Kristýna Haklová | Photo: Jiří Šeda

What do think is unique about Czech humour? Do you add it to your flare and style of comedy?

“I think national or cultural humour aspects are close to who we are as a people. Czech people, and I don't want to generalize too much, but they’re a little laid back. Oftentimes you have a Czech friend in your group who doesn't say much, but when he says something it’s hilarious. It’s like they collect the data, and then they kind of slap you with a joke.

“I think Czech people like dead pan comedy and are not afraid of a dark humour, and I think it just reflects the culture itself. Statistically, for example, Czechs really love Scandinavian comedy because it's on the dark side as well.

“I think if you’re a good comedian, and you’re really good at what you’re doing, jokes transcend borders very easily. So I think there are certain things we are more likely to find funny, but I don't think overall there’s a huge difference in the style of comedy. We have people from all backgrounds and nationalities coming here and we have performers from all over the place, I think it's quite international.”
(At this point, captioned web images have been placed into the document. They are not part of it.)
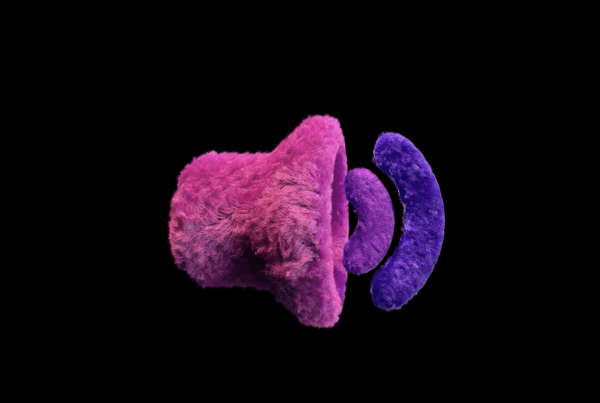 Sound Design – Lumira Studio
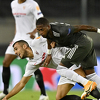 Sjajan nogomet i u Evropskoj ligi: United poveo iz penala, Sevilla brzo izjednačila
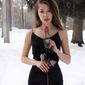 Настя Сергеевна Лазарчук фото №1267954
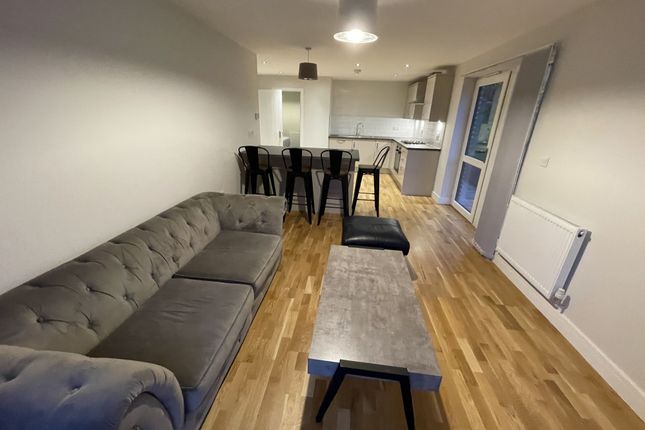 2 bedroom flats to let in Kirkstall Forge Station Primelocation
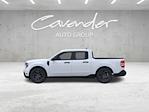 New 2026 Ford Maverick XLT SuperCrew Cab for sale #TRA09648 - photo 5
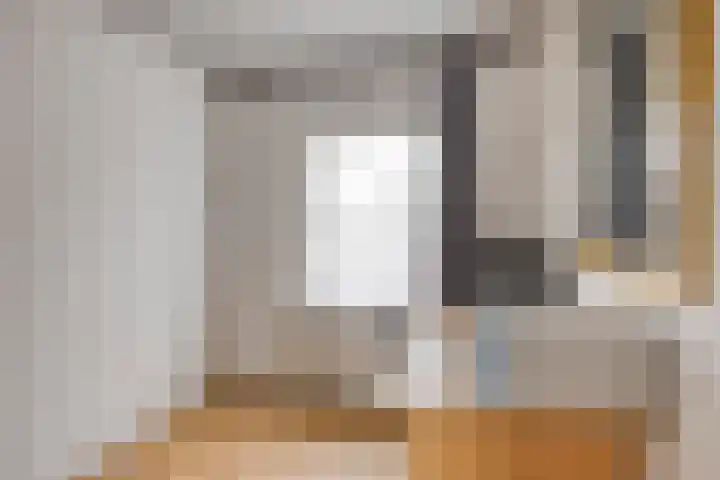 Vincent van Goghstraat 13 Veghel thumbnail 17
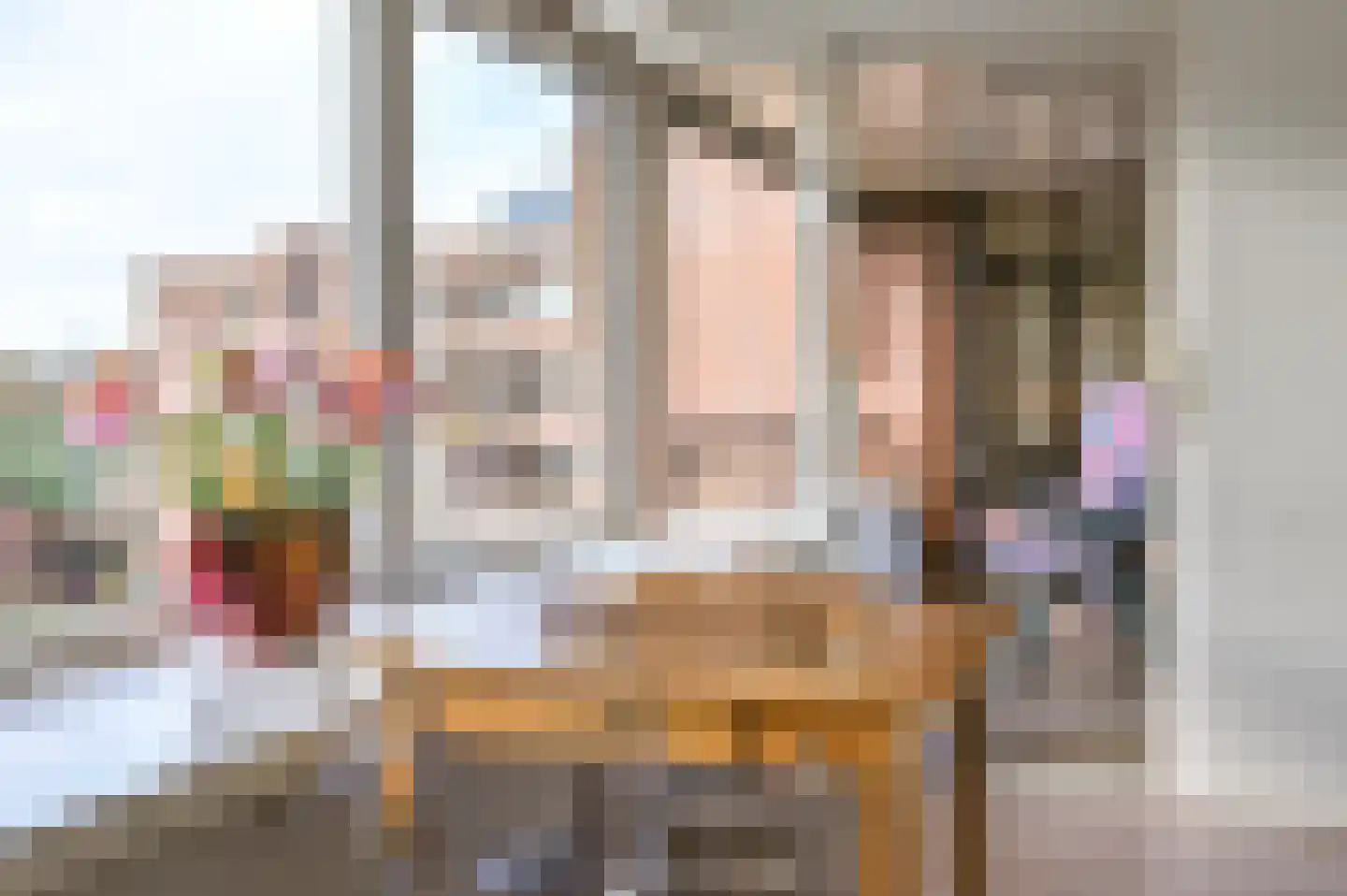 Provinciënlaan 5 C 43 Heemstede thumbnail 14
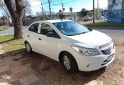 Autos - Chevrolet Joy+ 2018 GNC 122000Km - En Venta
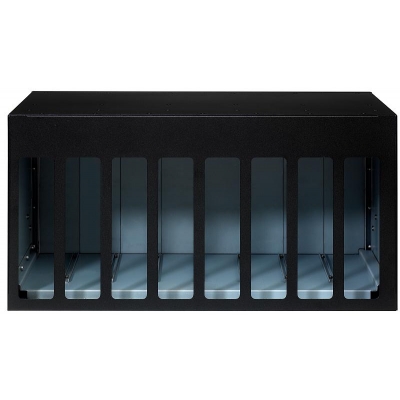 D-Link DPS-900
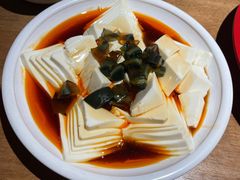 -胖哥俩肉蟹煲(海盐总店)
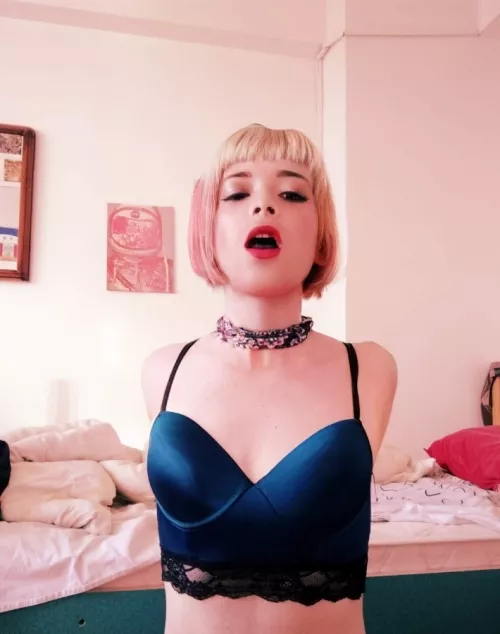 Oh sissy hypnos... ฤฐ wanna enjoy the ride in black heaven.... Oh sissy hypnos... ฤฐ wanna enjoy the ride in black heaven....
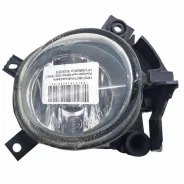 ��������������� ���� Audi A3 03-12/ A4 04-08 ������ (8E0941700C) ����������� 8E0941700C 8E0941700C ����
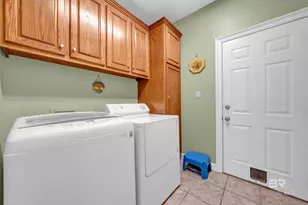 10499 State Hwy 180, Gulf Shores, AL 36542 - Photo 48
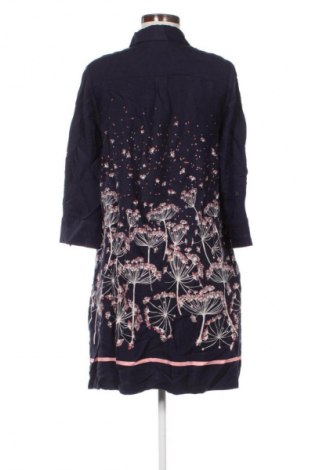 Šaty  Hobbs London, Velikost S, Barva Vícebarevné, Cena  1 646,00 Kč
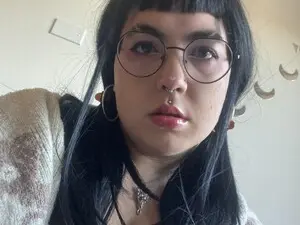 KittyKat777  live sex cam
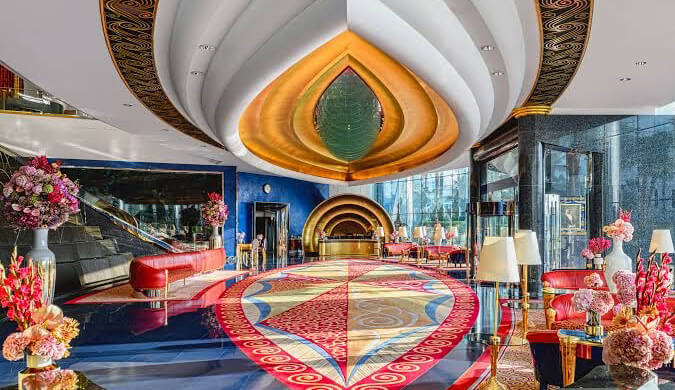 Burj-Al-Arab.jpg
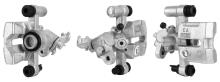 DRI 4129500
And I'm curious how it is to be a female comedian here in Czechia?

“It’s very easy. No one complains. No one thinks we are not funny, like I don't encounter people who would think twice about buying tickets because there is a woman performing. I don't really encounter people being surprised by the fact that women are funny. There are quite a few successful female comedians in Czechia, and in my experience, promoters always try to put women in line-ups and make an extra effort to do so because, statistically there are less of them, but they do make an effort. I think most of the line-ups have women in them and multiple women, not just a token woman.
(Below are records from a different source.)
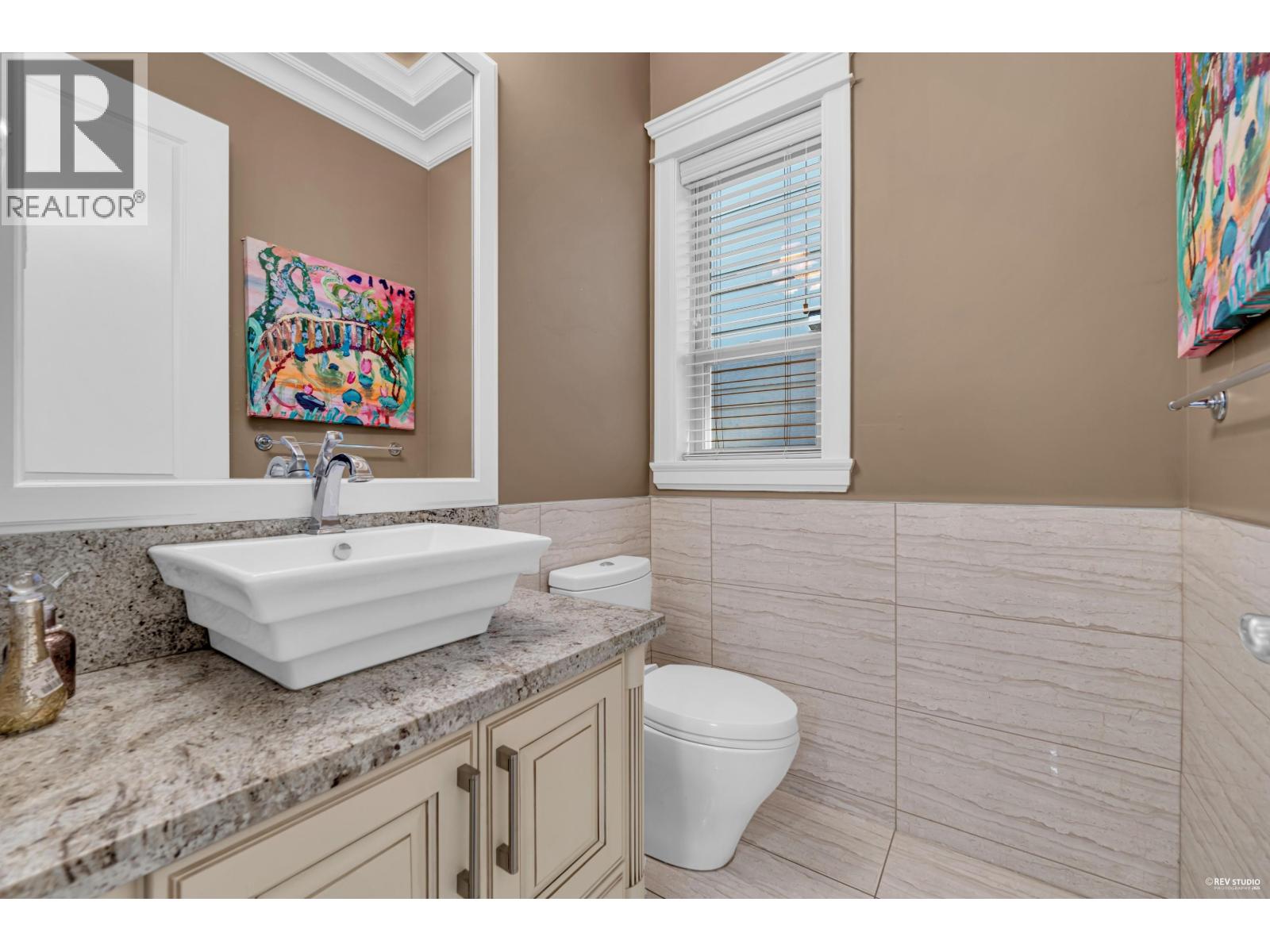 3477 W 20th Avenue, Vancouver, British Columbia V6S 1E5 - Photo 23 - R3060079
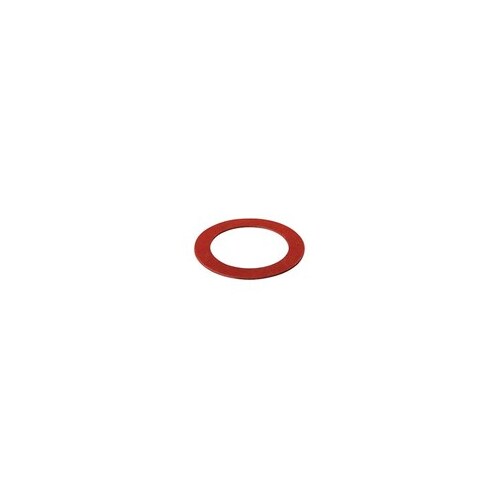 Fibre Washer To Suit TF100 100mm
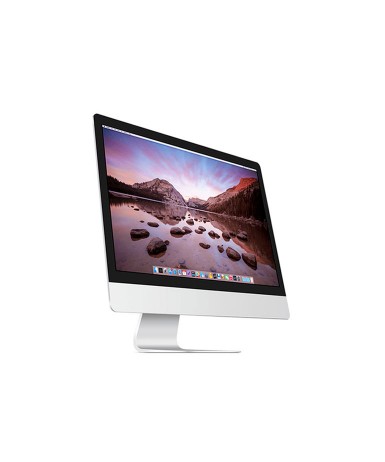 Demo ürün 14 Demo ürün 14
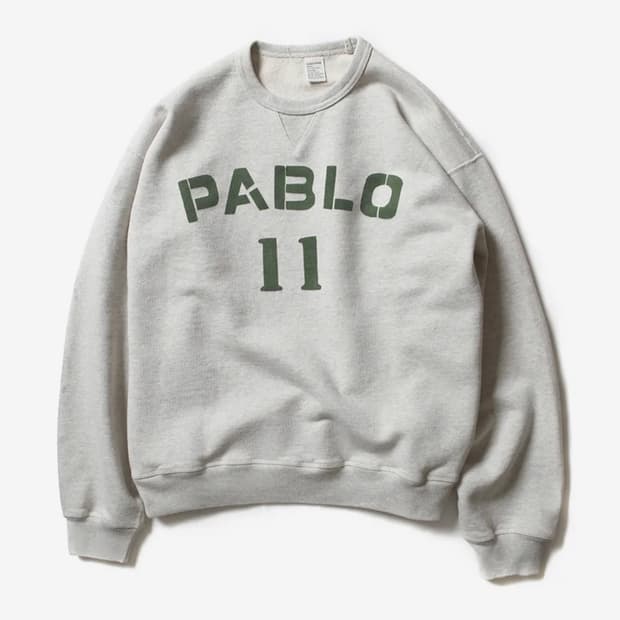 토마스모어 파블로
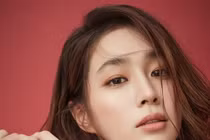 Phụ nữ có 4 nét này trên cơ thể, khỏi lo lắng về tiền bạc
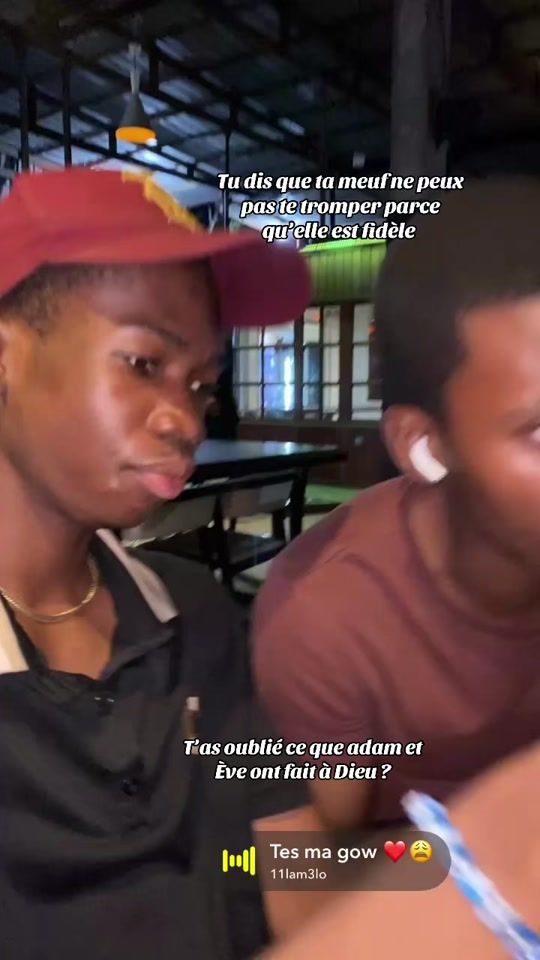 TikTok video thumbnail by erdy_boy11.2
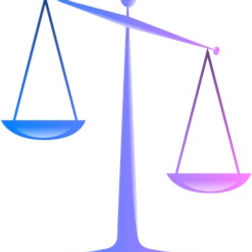 Ethics: Balanced Professionalism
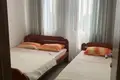 Hotel 360 m² Topla, Czarnogóra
“You could see that just recently. One of the oldest comedy groups here in the country, Na stojáka, has been working in the field for 25 years. The people who book it are old white dudes in their 50s, but they just had a line up at their main gig here in Prague with three women and one man. You know, so no problem at all. People are very supportive and open, and they are quite thoughtful as well. When you they book you, they make sure you get home safe and stuff like that. So as a female comedian I, I feel quite welcome here.”